‘How Biden’s agenda is causing inflation’

‘How Biden’s agenda is causing inflation’

So reads the title of Nick Gillespie’s column at Reason Magazine, which says that “Too many (government) dollars are chasing too few goods,” thanks to Biden’s harmful policies:

The Consumer Price Index (CPI) tracks the cost of everyday items. It’s jacked up a whopping 6.8 percent over the past year, the biggest increase in almost 40 years. Gas is up 51 percent, beef is up 20 percent, and furniture by 11 percent….Biden, his advisers, and his champions in the press are … downplaying inflation or bizarrely claiming it only freaks out rich people….Even worse, Biden and crew are delusionally pronouncing that we can tame inflation by pumping massive amounts of government money into the economy—a course of action that will almost certainly make everything more expensive. What Ford, Biden, Warren, and Yellen have in common is a failure to understand inflation’s most important underlying cause…

We’ve seen absolutely massive increases in government spending over the past two years, which have been paid for by printing money and historic boosts in the money supply. When you print money it means that there are more dollars chasing basically the same amounts of goods and services, which causes prices to rise. In just the past three fiscal years, federal spending has swollen to nearly $7 trillion a year, up from about $4.4 trillion in fiscal year 2019. Spending was $6.6 trillion in 2020, and $6.8 trillion in 2021.

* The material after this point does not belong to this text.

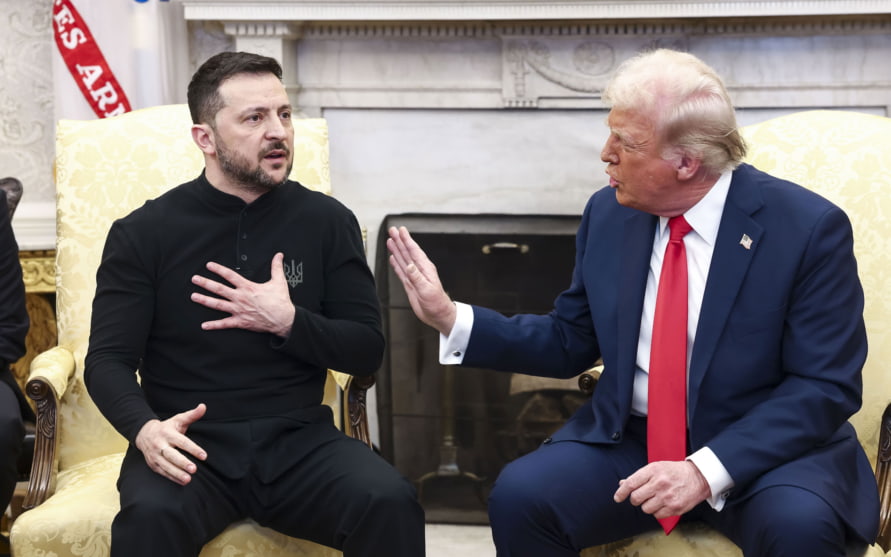 FT: ЕС призывает Зеленского не злить Трампа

As the government borrows more to pay for its spending and the Fed creates money to buy that debt, the central bank’s balance sheet has more than doubled between March 2020 to November 2021. The result is that the supply of dollars has increased by nearly 40 percent over the past 2 years, which is an off-the-charts record. Short of going into recession, the traditional way to squeeze out inflation has been to raise interest rates and restrict the amount of money in circulation by raising taxes or cutting spending. But there’s simply no reason to believe that Biden or anyone else in Washington is committed to the sort of fiscal and monetary discipline that would tame inflation. In fact, the president’s infrastructure bill jacks up the very entitlement spending that is the major driver of long-term spending….Another thing that’s changed over the past 40 years is that the publicly held debt has more than quintupled as a share of gross domestic product. In 2022, the Congressional Budget Office predicts that interest payments on the debt will be 5.7 percent of total spending, more than doubling to 11.6 percent by 2031. And that’s assuming interest rates stay low. Squeezing inflation out of the economy by hiking interest rates is never a popular political stance. Since it will absolutely devastate the government’s balance sheet, it will be even harder now.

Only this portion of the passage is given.